__WORK INSTRUCTION__. Give back all the records below, unaltered.

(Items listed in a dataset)
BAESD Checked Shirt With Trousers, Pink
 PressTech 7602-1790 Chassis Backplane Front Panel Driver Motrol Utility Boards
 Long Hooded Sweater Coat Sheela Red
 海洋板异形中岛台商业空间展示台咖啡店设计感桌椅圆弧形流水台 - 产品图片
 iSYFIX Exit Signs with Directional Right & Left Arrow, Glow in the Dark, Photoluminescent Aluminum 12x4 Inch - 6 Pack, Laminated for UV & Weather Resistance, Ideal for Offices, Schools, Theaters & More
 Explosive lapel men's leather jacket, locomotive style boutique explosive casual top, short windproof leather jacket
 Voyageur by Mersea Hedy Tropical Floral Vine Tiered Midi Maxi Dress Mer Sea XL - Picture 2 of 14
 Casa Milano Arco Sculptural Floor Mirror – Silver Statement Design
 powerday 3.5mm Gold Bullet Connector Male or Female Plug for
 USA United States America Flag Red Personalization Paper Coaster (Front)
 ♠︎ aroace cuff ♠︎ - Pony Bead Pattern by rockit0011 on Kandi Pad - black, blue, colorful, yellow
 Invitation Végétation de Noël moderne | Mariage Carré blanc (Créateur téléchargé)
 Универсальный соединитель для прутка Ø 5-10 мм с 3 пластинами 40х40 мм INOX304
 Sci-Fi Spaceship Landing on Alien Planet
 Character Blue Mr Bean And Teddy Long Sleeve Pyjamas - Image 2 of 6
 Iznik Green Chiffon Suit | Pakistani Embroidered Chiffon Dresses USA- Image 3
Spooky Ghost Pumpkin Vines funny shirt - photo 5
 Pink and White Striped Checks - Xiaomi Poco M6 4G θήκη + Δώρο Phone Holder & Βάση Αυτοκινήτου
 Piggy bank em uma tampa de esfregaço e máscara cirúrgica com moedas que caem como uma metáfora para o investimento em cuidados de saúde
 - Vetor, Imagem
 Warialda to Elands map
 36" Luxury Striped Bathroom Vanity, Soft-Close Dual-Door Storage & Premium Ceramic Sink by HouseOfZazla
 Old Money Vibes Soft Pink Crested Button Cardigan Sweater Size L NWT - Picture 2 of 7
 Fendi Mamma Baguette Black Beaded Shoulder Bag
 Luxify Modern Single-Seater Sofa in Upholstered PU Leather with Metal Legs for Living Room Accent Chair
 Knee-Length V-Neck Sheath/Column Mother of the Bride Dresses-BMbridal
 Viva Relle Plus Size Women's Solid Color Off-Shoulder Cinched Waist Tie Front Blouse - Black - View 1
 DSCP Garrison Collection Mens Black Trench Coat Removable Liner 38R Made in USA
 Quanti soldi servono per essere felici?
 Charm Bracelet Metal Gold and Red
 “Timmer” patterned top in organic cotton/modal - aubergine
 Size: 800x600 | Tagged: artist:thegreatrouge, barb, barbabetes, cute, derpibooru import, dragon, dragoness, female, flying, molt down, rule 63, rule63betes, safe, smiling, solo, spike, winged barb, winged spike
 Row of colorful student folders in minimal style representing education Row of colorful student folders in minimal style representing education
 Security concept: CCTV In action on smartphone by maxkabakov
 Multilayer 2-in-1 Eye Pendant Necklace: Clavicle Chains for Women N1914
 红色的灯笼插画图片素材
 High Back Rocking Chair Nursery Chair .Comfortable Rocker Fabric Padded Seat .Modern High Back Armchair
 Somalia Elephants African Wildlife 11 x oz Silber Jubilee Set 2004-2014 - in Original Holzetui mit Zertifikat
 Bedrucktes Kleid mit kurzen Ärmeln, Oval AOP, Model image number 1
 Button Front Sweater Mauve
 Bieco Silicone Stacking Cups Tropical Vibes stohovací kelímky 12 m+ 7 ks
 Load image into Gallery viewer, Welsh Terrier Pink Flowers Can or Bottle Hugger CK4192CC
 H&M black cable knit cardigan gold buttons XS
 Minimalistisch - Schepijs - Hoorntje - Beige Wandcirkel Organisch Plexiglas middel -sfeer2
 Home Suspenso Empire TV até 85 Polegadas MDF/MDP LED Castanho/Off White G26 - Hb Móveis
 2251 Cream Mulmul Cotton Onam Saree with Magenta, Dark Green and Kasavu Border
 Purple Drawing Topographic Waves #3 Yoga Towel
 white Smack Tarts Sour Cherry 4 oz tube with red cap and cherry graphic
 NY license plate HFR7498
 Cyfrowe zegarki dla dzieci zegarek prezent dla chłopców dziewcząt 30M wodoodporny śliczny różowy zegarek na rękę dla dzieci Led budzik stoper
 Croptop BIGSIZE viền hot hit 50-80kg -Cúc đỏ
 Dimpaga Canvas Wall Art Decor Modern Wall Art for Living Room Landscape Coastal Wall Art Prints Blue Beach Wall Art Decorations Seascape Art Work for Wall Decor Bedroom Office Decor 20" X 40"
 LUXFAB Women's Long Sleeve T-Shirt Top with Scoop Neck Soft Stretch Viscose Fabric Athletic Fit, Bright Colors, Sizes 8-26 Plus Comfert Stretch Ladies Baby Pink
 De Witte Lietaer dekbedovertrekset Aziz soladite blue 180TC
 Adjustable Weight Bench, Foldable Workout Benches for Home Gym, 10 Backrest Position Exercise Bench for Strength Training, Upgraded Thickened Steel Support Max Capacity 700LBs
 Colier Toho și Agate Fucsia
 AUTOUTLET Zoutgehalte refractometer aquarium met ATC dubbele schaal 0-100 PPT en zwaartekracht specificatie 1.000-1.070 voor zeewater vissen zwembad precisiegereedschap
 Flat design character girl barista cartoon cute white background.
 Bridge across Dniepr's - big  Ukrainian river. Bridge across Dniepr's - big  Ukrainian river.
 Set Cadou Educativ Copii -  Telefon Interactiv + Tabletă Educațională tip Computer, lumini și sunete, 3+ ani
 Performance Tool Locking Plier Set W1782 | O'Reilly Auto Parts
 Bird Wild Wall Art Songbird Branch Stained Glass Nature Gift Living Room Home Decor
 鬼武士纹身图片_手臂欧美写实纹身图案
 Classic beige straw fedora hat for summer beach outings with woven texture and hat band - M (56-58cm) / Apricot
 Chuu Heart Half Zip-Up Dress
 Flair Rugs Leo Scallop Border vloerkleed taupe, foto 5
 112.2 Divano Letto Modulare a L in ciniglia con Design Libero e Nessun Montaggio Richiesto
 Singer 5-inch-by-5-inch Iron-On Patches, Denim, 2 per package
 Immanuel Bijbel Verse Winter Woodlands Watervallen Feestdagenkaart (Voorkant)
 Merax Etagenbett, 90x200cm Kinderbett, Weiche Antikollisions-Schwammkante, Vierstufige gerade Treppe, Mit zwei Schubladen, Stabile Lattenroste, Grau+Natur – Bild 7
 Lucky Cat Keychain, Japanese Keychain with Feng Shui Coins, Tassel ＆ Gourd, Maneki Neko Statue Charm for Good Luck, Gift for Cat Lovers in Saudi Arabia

__OUTPUT__.
BAESD Checked Shirt With Trousers, Pink
 PressTech 7602-1790 Chassis Backplane Front Panel Driver Motrol Utility Boards
 Long Hooded Sweater Coat Sheela Red
 海洋板异形中岛台商业空间展示台咖啡店设计感桌椅圆弧形流水台 - 产品图片
 iSYFIX Exit Signs with Directional Right & Left Arrow, Glow in the Dark, Photoluminescent Aluminum 12x4 Inch - 6 Pack, Laminated for UV & Weather Resistance, Ideal for Offices, Schools, Theaters & More
 Explosive lapel men's leather jacket, locomotive style boutique explosive casual top, short windproof leather jacket
 Voyageur by Mersea Hedy Tropical Floral Vine Tiered Midi Maxi Dress Mer Sea XL - Picture 2 of 14
 Casa Milano Arco Sculptural Floor Mirror – Silver Statement Design
 powerday 3.5mm Gold Bullet Connector Male or Female Plug for
 USA United States America Flag Red Personalization Paper Coaster (Front)
 ♠︎ aroace cuff ♠︎ - Pony Bead Pattern by rockit0011 on Kandi Pad - black, blue, colorful, yellow
 Invitation Végétation de Noël moderne | Mariage Carré blanc (Créateur téléchargé)
 Универсальный соединитель для прутка Ø 5-10 мм с 3 пластинами 40х40 мм INOX304
 Sci-Fi Spaceship Landing on Alien Planet
 Character Blue Mr Bean And Teddy Long Sleeve Pyjamas - Image 2 of 6
 Iznik Green Chiffon Suit | Pakistani Embroidered Chiffon Dresses USA- Image 3
Spooky Ghost Pumpkin Vines funny shirt - photo 5
 Pink and White Striped Checks - Xiaomi Poco M6 4G θήκη + Δώρο Phone Holder & Βάση Αυτοκινήτου
 Piggy bank em uma tampa de esfregaço e máscara cirúrgica com moedas que caem como uma metáfora para o investimento em cuidados de saúde
 - Vetor, Imagem
 Warialda to Elands map
 36" Luxury Striped Bathroom Vanity, Soft-Close Dual-Door Storage & Premium Ceramic Sink by HouseOfZazla
 Old Money Vibes Soft Pink Crested Button Cardigan Sweater Size L NWT - Picture 2 of 7
 Fendi Mamma Baguette Black Beaded Shoulder Bag
 Luxify Modern Single-Seater Sofa in Upholstered PU Leather with Metal Legs for Living Room Accent Chair
 Knee-Length V-Neck Sheath/Column Mother of the Bride Dresses-BMbridal
 Viva Relle Plus Size Women's Solid Color Off-Shoulder Cinched Waist Tie Front Blouse - Black - View 1
 DSCP Garrison Collection Mens Black Trench Coat Removable Liner 38R Made in USA
 Quanti soldi servono per essere felici?
 Charm Bracelet Metal Gold and Red
 “Timmer” patterned top in organic cotton/modal - aubergine
 Size: 800x600 | Tagged: artist:thegreatrouge, barb, barbabetes, cute, derpibooru import, dragon, dragoness, female, flying, molt down, rule 63, rule63betes, safe, smiling, solo, spike, winged barb, winged spike
 Row of colorful student folders in minimal style representing education Row of colorful student folders in minimal style representing education
 Security concept: CCTV In action on smartphone by maxkabakov
 Multilayer 2-in-1 Eye Pendant Necklace: Clavicle Chains for Women N1914
 红色的灯笼插画图片素材
 High Back Rocking Chair Nursery Chair .Comfortable Rocker Fabric Padded Seat .Modern High Back Armchair
 Somalia Elephants African Wildlife 11 x oz Silber Jubilee Set 2004-2014 - in Original Holzetui mit Zertifikat
 Bedrucktes Kleid mit kurzen Ärmeln, Oval AOP, Model image number 1
 Button Front Sweater Mauve
 Bieco Silicone Stacking Cups Tropical Vibes stohovací kelímky 12 m+ 7 ks
 Load image into Gallery viewer, Welsh Terrier Pink Flowers Can or Bottle Hugger CK4192CC
 H&M black cable knit cardigan gold buttons XS
 Minimalistisch - Schepijs - Hoorntje - Beige Wandcirkel Organisch Plexiglas middel -sfeer2
 Home Suspenso Empire TV até 85 Polegadas MDF/MDP LED Castanho/Off White G26 - Hb Móveis
 2251 Cream Mulmul Cotton Onam Saree with Magenta, Dark Green and Kasavu Border
 Purple Drawing Topographic Waves #3 Yoga Towel
 white Smack Tarts Sour Cherry 4 oz tube with red cap and cherry graphic
 NY license plate HFR7498
 Cyfrowe zegarki dla dzieci zegarek prezent dla chłopców dziewcząt 30M wodoodporny śliczny różowy zegarek na rękę dla dzieci Led budzik stoper
 Croptop BIGSIZE viền hot hit 50-80kg -Cúc đỏ
 Dimpaga Canvas Wall Art Decor Modern Wall Art for Living Room Landscape Coastal Wall Art Prints Blue Beach Wall Art Decorations Seascape Art Work for Wall Decor Bedroom Office Decor 20" X 40"
 LUXFAB Women's Long Sleeve T-Shirt Top with Scoop Neck Soft Stretch Viscose Fabric Athletic Fit, Bright Colors, Sizes 8-26 Plus Comfert Stretch Ladies Baby Pink
 De Witte Lietaer dekbedovertrekset Aziz soladite blue 180TC
 Adjustable Weight Bench, Foldable Workout Benches for Home Gym, 10 Backrest Position Exercise Bench for Strength Training, Upgraded Thickened Steel Support Max Capacity 700LBs
 Colier Toho și Agate Fucsia
 AUTOUTLET Zoutgehalte refractometer aquarium met ATC dubbele schaal 0-100 PPT en zwaartekracht specificatie 1.000-1.070 voor zeewater vissen zwembad precisiegereedschap
 Flat design character girl barista cartoon cute white background.
 Bridge across Dniepr's - big  Ukrainian river. Bridge across Dniepr's - big  Ukrainian river.
 Set Cadou Educativ Copii -  Telefon Interactiv + Tabletă Educațională tip Computer, lumini și sunete, 3+ ani
 Performance Tool Locking Plier Set W1782 | O'Reilly Auto Parts
 Bird Wild Wall Art Songbird Branch Stained Glass Nature Gift Living Room Home Decor
 鬼武士纹身图片_手臂欧美写实纹身图案
 Classic beige straw fedora hat for summer beach outings with woven texture and hat band - M (56-58cm) / Apricot
 Chuu Heart Half Zip-Up Dress
 Flair Rugs Leo Scallop Border vloerkleed taupe, foto 5
 112.2 Divano Letto Modulare a L in ciniglia con Design Libero e Nessun Montaggio Richiesto
 Singer 5-inch-by-5-inch Iron-On Patches, Denim, 2 per package
 Immanuel Bijbel Verse Winter Woodlands Watervallen Feestdagenkaart (Voorkant)
 Merax Etagenbett, 90x200cm Kinderbett, Weiche Antikollisions-Schwammkante, Vierstufige gerade Treppe, Mit zwei Schubladen, Stabile Lattenroste, Grau+Natur – Bild 7
 Lucky Cat Keychain, Japanese Keychain with Feng Shui Coins, Tassel ＆ Gourd, Maneki Neko Statue Charm for Good Luck, Gift for Cat Lovers in Saudi Arabia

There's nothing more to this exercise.